Un si parfait tandem
par Raphaëlle Bacqué et Philippe Ridet
L'un est un provincial, fils de notaire. Son itinéraire n'assure pas les biographies les plus palpitantes, mais cela lui a donné une espèce de flegme à toute épreuve. "Un équilibre", dit-il. Premier ministre n'était pas forcément le rêve de sa vie. C'est devenu son point d'orgue. A l'Assemblée, où il est estimé, ceux qui se réclament de lui se comptent sur les doigts d'une seule main. Ses meilleurs amis sont ses frères. Il n'a jamais travaillé dans le privé.

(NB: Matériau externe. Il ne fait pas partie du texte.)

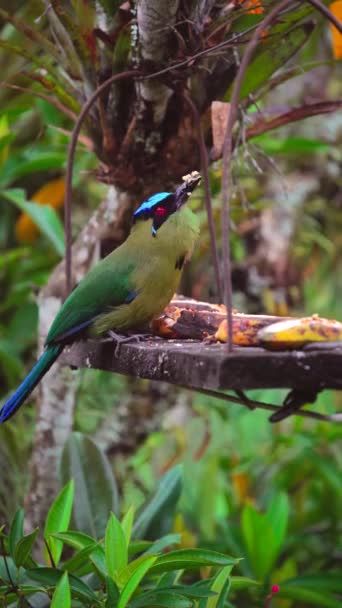 Motmot Momotus Aequatorialis Uccello Verde Tropicale Del Salento Colombia Filmati — Video Stock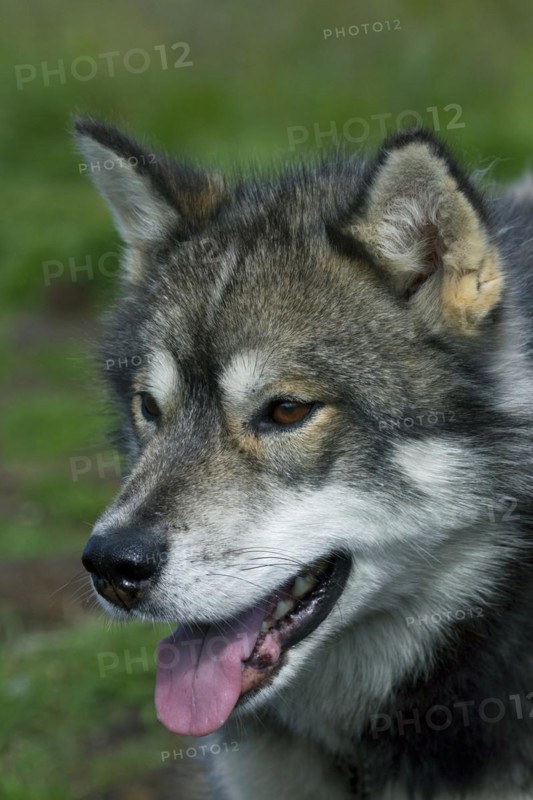 Greenland dog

L'autre, Nicolas Sarkozy, avait un père aristocrate émigré de Hongrie, publicitaire volage. Le 16 mai, lors de la cérémonie d'investiture, c'est du bout des doigts que le nouveau président a serré la main de son géniteur. Il a passé son enfance à défier ses aînés. Aujourd'hui encore, il impose - même à ses meilleurs alliés - des démonstrations infantiles de sa supériorité. Son adversaire le moins aimable, Dominique de Villepin, appelle cela "le syndrome du mâle dominant". Lui juge seulement être "obligé de tout faire !"
L'un, d'une nature discrète, a la réputation d'être un gaulliste social, mais trouve ses meilleurs défenseurs parmi les libéraux de la majorité. Si on l'a vu au somptueux dîner donné par Bernard Arnault pour les 60 ans de Dior, le 17 septembre, François Fillon n'a pas, cependant, de vrais amis dans le monde des affaires. L'autre, enfant de la télé, excellent stratège en communication, fréquente tout ce que la France compte de grandes fortunes, traîne une image de libéral, mais n'a jamais été plus dirigiste que lorsqu'il était chargé de l'économie.
Ni l'un ni l'autre n'ont fait l'ENA. Pour le reste, ils sont aussi dissemblables que possible. Mais c'est pour cela qu'ils paraissaient complémentaires à la tête de l'exécutif. Ils le sont, d'ailleurs, à leur manière. Sur des bases inégalitaires.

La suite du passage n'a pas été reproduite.